Poly Is NOT For Everyone. (Poly Is Not, Part X)

Poly Is NOT For Everyone. (Poly Is Not, Part X)

Polyamory Is Not... A Series

I was recently walking with a friend who said to me, “I don’t know if I’m poly, really, or just want an open relationship.”

My reply was, “Well, you probably won’t know until you meet someone who you feel is a god fit as a primary, and want to keep looking. Or after that, when you are just playing and dating and satisfied, or you want more and deeper connections.”

I’ve recently been accused (in my last writing on poly, actually) or proselytizing.

I’m not.

I will state for the record that unless I get into a relationship with you, your relationship style doesn’t matter to me at all.

Do what works for you and your partner(s).

When I write I try to present the positive and negative aspects of poly in my writings. To balance out the poo-pooing that the general public and media present.

Because there are people out there who are biased. VERY biased.

Like this “Relationship Expert” in this article, Do Open Relationships Work?, subtitled What are the pros and cons of an open relationship?

The pros and cons presented are, to sum it up: ‘It won’t work. Don’t open your marriage. You are being coerced, or you are coercing. Take that energy you’d spend on others and spend it on your spouse.’

To some, this is EXCELLENT advice.

It’s not balanced advice.

Would an open relationship or poly work after a marriage has been battered by infidelity?
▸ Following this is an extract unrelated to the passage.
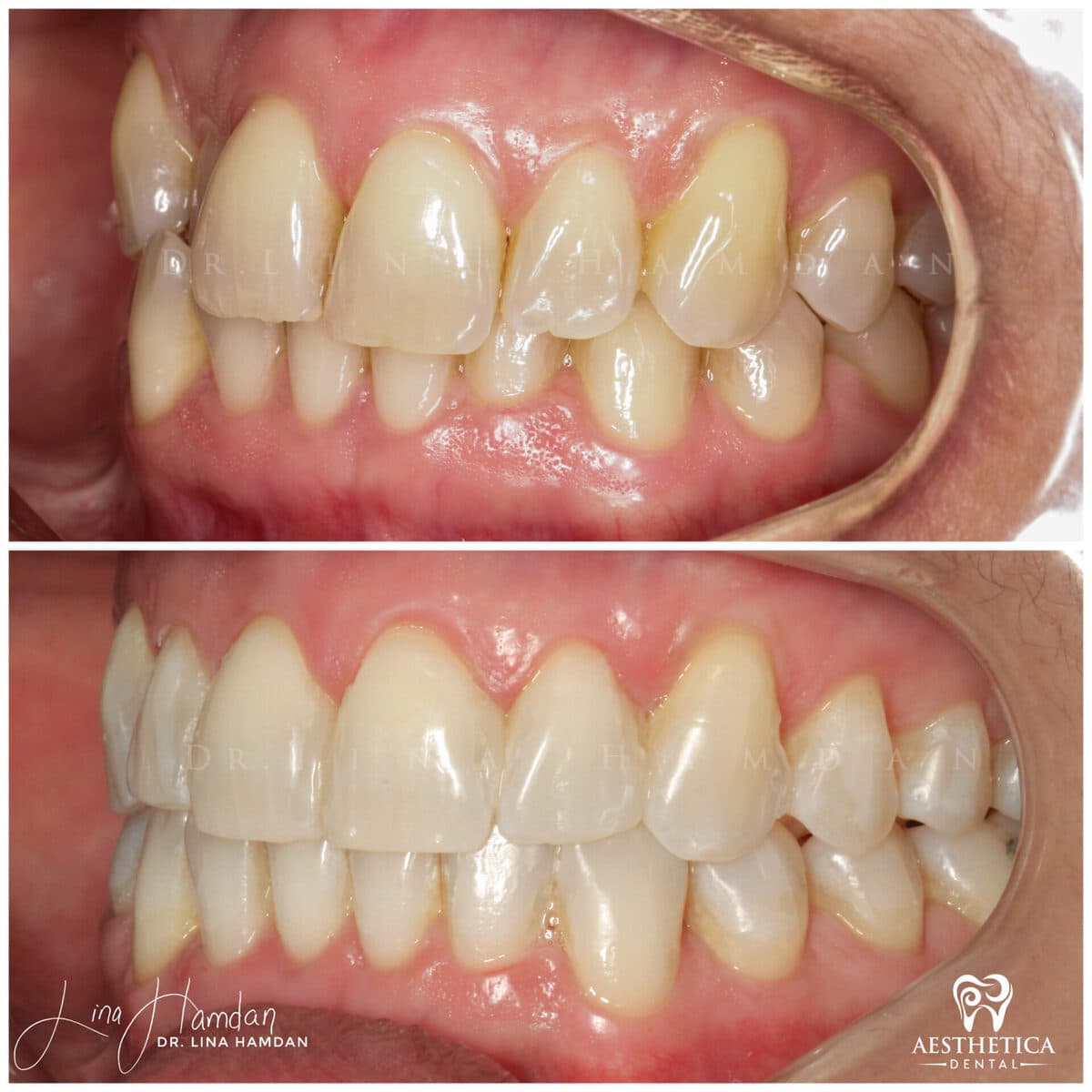 Invisalign clear aligner result, anonymous patient at Aesthetica Dental Naperville (case 7, 2025-01-14-3)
Yes. IF the main partners are truly open to the idea, willing to put in the work, AND are poly, or monogamous willing to be with their poly partner.

No. If the couple is monogamous and just unhappy, given to jealousy issues without being willing to do the work, prone to controlling behavior, like sneaking around, whatever.

A few quotes from that article:

We do form and need that primary emotional attachment, and it is the crucible of much of our growth as adults.

Besides, the idea of not putting restrictions on another person sounds extremely naive, not to mention misguided and potentially dangerous.

…you would need to set up some ground rules that protect both of you, your health, your home life, and the great relationship you profess to have.

Reading these should give you a good idea where you fall on the potential for poly scale.

If you heartily agree with all for you, you are most likely monogamous, and YAY!

If you can see both sides for yourself, you are probably somewhere in the middle, maybe swinging or open relationship level, maybe poly, even, depending on your willingness to do the work that goes with all this.

If you could not disagree more with these statements for yourself, you are probably not only poly, but relationship anarchy material.

Let me say again: I’m not here to tell you who you should be, or how you should manage your relationships, including that label blah blah blah I just wrote, because labels are just words and we all have our own views on them.

I I do post about poly, though, in the hopes of giving people who are interested in poly for themselves, or in understanding poly, something to examine and think about and learn.

Because, and I’ll say this over and over, until my last breath:

Poly is not for everyone.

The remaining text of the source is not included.